Rückkehr ans Meer (F 2009)

rueckkehr-ans-meerFrancois Ozon und der Tod. Dem Lebensende, mehr noch Umgang mit und Verarbeitung dessen, widmete sich der französische Arthouse-Filmer bereits in „Unter dem Sand“ und „Die Zeit, die bleibt“. „Le Refuge“, im Deutschen fälschlicherweise mit „Rückkehr ans Meer“ überschrieben, bildet den Abschluss dieser lose verknüpften Trilogie über den zehrenden Verlust geliebter Menschen. Doch etwas ist anders. Ozon, dieser oft schmerzlich nüchterne Charakteranalyst, entdeckt in lebensfrohen Bildern bei aller thematischen Schwere plötzlich den Genuss des Augenblicks.

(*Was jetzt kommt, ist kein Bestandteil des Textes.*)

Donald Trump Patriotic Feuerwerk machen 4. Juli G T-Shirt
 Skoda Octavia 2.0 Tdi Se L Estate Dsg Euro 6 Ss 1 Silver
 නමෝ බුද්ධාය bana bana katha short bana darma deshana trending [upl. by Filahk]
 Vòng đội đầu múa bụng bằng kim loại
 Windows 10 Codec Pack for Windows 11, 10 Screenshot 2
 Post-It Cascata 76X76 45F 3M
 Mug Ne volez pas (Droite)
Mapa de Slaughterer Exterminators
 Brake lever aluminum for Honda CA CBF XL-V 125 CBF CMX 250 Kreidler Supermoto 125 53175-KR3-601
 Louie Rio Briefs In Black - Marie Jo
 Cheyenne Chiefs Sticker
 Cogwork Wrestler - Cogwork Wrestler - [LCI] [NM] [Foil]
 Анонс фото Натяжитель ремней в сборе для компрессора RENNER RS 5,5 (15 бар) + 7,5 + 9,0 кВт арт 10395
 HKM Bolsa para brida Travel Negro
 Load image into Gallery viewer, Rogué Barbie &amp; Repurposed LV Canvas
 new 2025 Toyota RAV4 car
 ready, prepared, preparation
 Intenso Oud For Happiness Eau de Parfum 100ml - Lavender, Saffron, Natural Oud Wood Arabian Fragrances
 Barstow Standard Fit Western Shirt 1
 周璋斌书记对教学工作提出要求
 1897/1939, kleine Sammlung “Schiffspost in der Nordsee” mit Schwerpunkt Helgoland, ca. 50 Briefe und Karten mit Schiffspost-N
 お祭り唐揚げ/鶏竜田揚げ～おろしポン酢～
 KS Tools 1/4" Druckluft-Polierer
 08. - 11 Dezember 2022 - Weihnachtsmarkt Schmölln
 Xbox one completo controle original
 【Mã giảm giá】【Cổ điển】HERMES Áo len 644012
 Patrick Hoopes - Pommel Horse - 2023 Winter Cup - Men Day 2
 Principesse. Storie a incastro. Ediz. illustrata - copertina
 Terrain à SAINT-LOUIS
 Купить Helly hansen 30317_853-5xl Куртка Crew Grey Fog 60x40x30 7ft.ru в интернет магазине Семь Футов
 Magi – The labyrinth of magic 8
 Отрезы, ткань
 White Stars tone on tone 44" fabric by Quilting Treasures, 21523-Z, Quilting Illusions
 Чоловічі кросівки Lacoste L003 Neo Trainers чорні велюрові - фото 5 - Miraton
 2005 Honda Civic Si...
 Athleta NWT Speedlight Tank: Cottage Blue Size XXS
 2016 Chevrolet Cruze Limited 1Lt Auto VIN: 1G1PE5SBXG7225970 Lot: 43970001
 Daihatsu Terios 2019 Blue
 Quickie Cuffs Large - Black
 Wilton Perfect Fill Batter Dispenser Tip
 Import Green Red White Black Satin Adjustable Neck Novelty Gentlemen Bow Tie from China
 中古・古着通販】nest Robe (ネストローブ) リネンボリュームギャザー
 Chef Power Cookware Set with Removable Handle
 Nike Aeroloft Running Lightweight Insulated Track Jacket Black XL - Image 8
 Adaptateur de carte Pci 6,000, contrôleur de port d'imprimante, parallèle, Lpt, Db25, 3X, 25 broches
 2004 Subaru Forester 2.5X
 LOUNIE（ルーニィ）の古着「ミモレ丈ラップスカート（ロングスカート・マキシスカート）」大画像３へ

Der betont knapp abgehandelte Prolog zeigt Mousse (Isabelle Carré, „Herzen“) und ihren Freund Louis (Melvil Poupaud, „Eine Affäre in Paris“). Er ist ein Sohn aus gutem Hause und gibt sich mit der Geliebten hemmungslos der Heroinsucht hin. Als er an einer Überdosis stirbt, erfährt sie, knapp mit dem Leben davongekommen, dass sie schwanger ist. Auf der Beerdigung fordert Louis‘ dominante Mutter eine Abtreibung. Mousse pflichtet ihr wie betäubt bei. Doch sie, wie der folgende Zeitsprung ein paar Monate in die Zukunft zeigt, trägt das Kind trotzdem aus.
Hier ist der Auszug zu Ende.